** Opening Listed records block **

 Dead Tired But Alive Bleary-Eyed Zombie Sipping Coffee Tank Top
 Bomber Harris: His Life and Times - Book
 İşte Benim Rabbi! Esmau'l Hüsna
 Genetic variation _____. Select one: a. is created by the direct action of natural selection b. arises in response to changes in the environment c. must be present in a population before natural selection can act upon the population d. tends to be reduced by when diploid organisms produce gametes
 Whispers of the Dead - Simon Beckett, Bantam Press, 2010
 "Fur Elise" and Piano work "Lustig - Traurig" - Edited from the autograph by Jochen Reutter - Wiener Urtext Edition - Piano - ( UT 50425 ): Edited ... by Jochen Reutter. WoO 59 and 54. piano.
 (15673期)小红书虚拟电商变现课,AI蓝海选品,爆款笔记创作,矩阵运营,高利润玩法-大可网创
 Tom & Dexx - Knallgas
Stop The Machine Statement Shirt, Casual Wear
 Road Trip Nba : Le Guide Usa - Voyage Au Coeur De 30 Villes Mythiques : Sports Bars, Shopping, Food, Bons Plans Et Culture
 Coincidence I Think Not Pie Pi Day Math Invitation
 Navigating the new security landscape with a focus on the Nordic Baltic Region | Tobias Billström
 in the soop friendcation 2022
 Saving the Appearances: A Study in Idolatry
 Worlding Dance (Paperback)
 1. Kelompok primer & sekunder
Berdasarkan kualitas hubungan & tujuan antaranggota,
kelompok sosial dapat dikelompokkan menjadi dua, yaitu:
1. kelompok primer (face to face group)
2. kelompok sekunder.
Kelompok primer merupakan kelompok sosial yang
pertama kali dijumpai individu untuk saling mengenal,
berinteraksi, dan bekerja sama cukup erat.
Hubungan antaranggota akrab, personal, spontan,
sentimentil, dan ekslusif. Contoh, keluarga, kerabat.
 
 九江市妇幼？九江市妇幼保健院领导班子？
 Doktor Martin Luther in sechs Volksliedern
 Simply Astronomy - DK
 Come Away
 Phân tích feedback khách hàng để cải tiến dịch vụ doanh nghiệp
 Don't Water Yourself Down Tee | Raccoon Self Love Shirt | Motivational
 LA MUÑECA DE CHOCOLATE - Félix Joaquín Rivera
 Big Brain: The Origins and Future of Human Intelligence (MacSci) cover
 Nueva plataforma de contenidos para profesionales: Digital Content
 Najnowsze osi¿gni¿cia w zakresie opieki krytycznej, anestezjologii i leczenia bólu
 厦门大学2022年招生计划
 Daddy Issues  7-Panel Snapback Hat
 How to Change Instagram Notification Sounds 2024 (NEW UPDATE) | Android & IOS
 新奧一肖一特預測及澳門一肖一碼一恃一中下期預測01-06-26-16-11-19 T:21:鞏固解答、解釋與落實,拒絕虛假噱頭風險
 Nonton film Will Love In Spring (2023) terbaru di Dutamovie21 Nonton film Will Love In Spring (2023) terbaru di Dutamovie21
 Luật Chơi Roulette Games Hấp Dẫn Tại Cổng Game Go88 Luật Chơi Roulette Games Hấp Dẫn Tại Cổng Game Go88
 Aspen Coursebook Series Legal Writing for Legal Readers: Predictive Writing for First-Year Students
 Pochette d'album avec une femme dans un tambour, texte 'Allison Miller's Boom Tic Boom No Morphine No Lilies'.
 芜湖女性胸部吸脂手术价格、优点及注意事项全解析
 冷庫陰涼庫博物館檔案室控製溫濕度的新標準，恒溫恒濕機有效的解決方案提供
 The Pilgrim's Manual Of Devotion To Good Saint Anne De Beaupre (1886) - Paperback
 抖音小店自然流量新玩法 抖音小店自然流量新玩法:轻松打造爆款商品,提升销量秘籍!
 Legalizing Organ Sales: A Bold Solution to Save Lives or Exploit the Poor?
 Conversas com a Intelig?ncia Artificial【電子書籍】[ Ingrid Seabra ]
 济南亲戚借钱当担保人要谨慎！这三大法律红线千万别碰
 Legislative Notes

** Closing Listed records block **

__Exercise__
Find all the lines with "Dead" in the data and copy them.

__Your response__
 Dead Tired But Alive Bleary-Eyed Zombie Sipping Coffee Tank Top
 Whispers of the Dead - Simon Beckett, Bantam Press, 2010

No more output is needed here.